Speaker
Description
We apply a halo velocity bias model, $\gamma_{f}$, within the Aemulus simulation suite for General Relativity (GR) to investigate its efficacy in identifying the signature of assembly bias and Modified Gravity (MG). In the investigation of assembly bias, utilizing galaxy clustering data ranging from scales of $0.1 \sim 60 h^{-1}{\rm {Mpc}}$, we discover that our emulator model accurately recreates the cosmological parameters, $\Omega_m$ and $\sigma_8$, along with the velocity bias $\gamma_{f}$, staying well within the 1-$\sigma$ error margins, provided that assembly bias is considered. Ignoring assembly bias can considerably alter our model constraints on parameters $\Omega_m$ and $\sigma_8$ if the test sample includes assembly bias.

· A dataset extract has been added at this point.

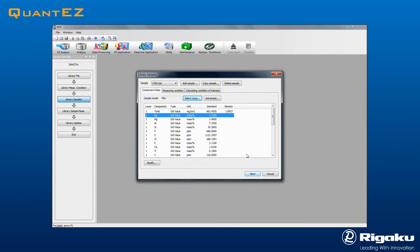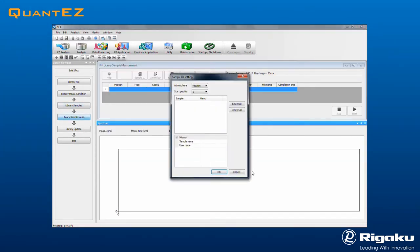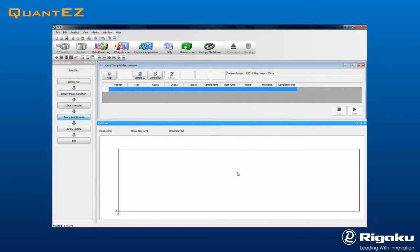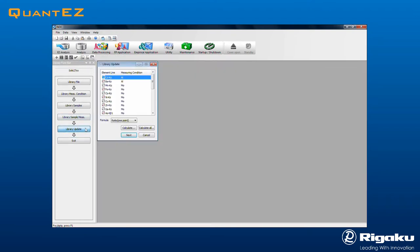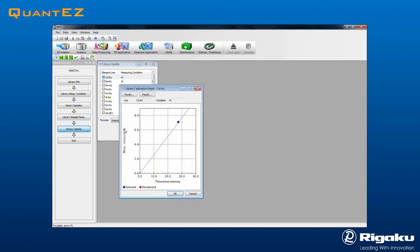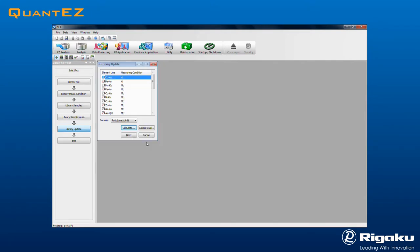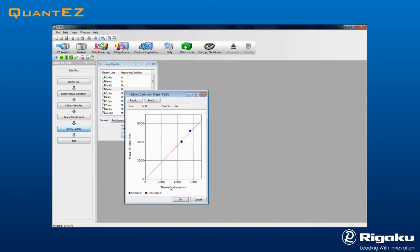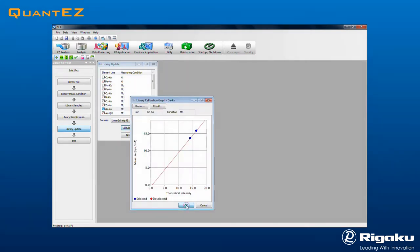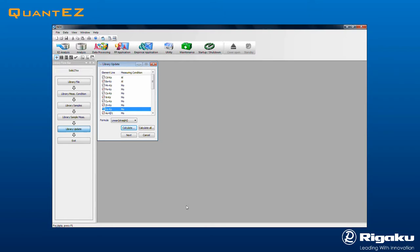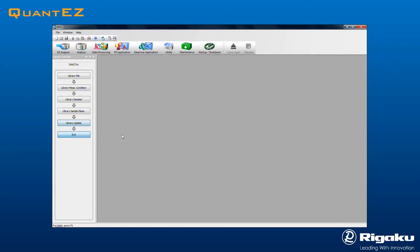Clicking Next brings up the Library Sample Measurement screen. Standards that were not pre-measured may be added here. Click Library Update on the flow bar to examine the results by element. Select an element and click the Calculate button to see the new association that is created between theoretical and measured intensities. Then click OK to exit, followed by Next and Exit to complete.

Using our emulator for MG simulations, which encompasses two Dvali-Gabadadze-Porrati models (DGP; N1, N5) and two $f(R)$ models (F4, F6), we can effectively identify a robust signature of modified gravity, for models such as DGP-N1 and $f(R)$-F4, as indicated by a noticeable deviation of $\gamma_{f}$ from unity. Using the velocity dispersion of dark matter halos to effectively represent the underlying strength of the velocity field of these MG simulations, we find that the simple $\gamma_{f}$ model can recover the truth with minimal bias. These evaluations indicate that our simple halo-velocity bias model is capable of detecting significant MG characteristics, although additional methodologies should be pursued to improve model constraints.